CODEWITHSUNDEEP
pythonregexbackspacecontrol-characters
Mark Galeck
Mark Galeck

Reputation: 6395

Apply formatting control characters (backspace and carriage return) to string, without needing recursion

What is the easiest way to "interpret" formatting control characters in a string, to show the results as if they were printed. For simplicity, I will assume there are no newlines in the string.

So for example, 

>>> sys.stdout.write('foo\br')

shows for, therefore

interpret('foo\br') should be 'for'

>>>sys.sdtout.write('foo\rbar')

shows bar, therefore

interpret('foo\rbar') should be 'bar'

I can write a regular expression substitution here, but, in the case of '\b' replacement, it would have to be applied recursively until there are no more occurrences. It would be quite complex if done without recursion.

Is there an easier way?

Upvotes: 1

Views: 976

Answers (3)

Bakuriu
Bakuriu

Reputation: 101959

Python's does not have any built-in or standard library module for doing this. However if you only care for simple control characters like \r, \b and \n you can write a simple function to handle this:

def interpret(text):
    lines = []
    current_line = []
    for char in text:
        if char == '\n':
            lines.append(''.join(current_line))
            current_line = []
        elif char == '\r':
            current_line.clear()
            # del current_line[:]  # in old python versions
        elif char == '\b':
            del current_line[-1:]
        else:
            current_line.append(char)
    if current_line:
        lines.append(current_line)
    return '\n'.join(lines)

You can extend the function handling any control character you want.
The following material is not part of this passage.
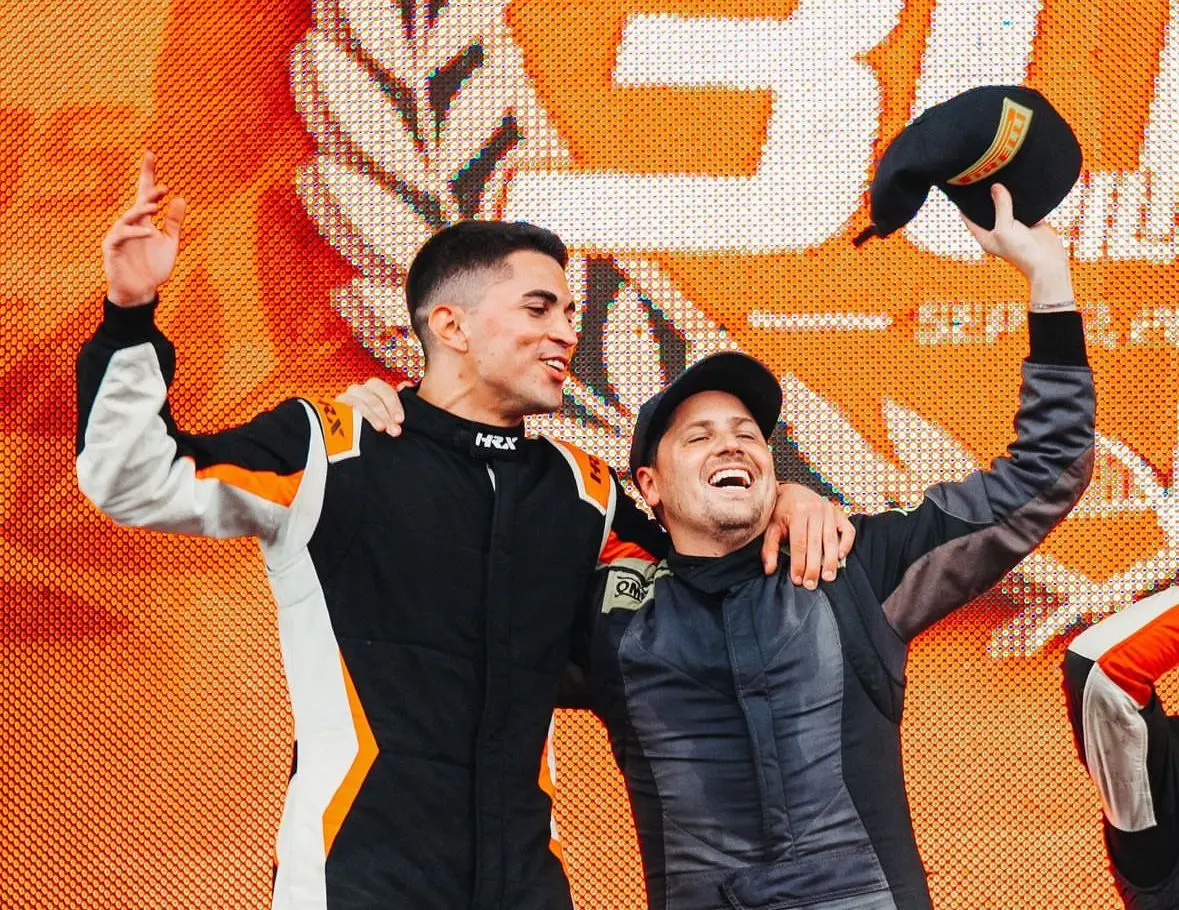 Iglesias y Garbiglia terminaron en la tercera posición en la fecha 8 del Turismo Pista. Foto: Instagram Morro Iglesias.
For example you might want to ignore some control characters that don't get actually displayed in a terminal (e.g. the bell \a)

Upvotes: 1

smci
smci

Reputation: 33950

UPDATE: after 30 minutes of asking for clarifications and an example string, we find the question is actually quite different: "How to repeatedly apply formatting control characters (backspace) to a Python string?" In that case yes you apparently need to apply the regex/fn repeatedly until you stop getting matches. SOLUTION:

import re

def repeated_re_sub(pattern, sub, s, flags=re.U):
    """Match-and-replace repeatedly until we run out of matches..."""
    patc = re.compile(pattern, flags)

    sold = ''
    while sold != s:
        sold = s
        print "patc=>%s<    sold=>%s<   s=>%s<" % (patc,sold,s)
        s = patc.sub(sub, sold)
        #print help(patc.sub)

    return s

print repeated_re_sub('[^\b]\b', '', 'abc\b\x08de\b\bfg')
#print repeated_re_sub('.\b', '', 'abcd\b\x08e\b\bfg')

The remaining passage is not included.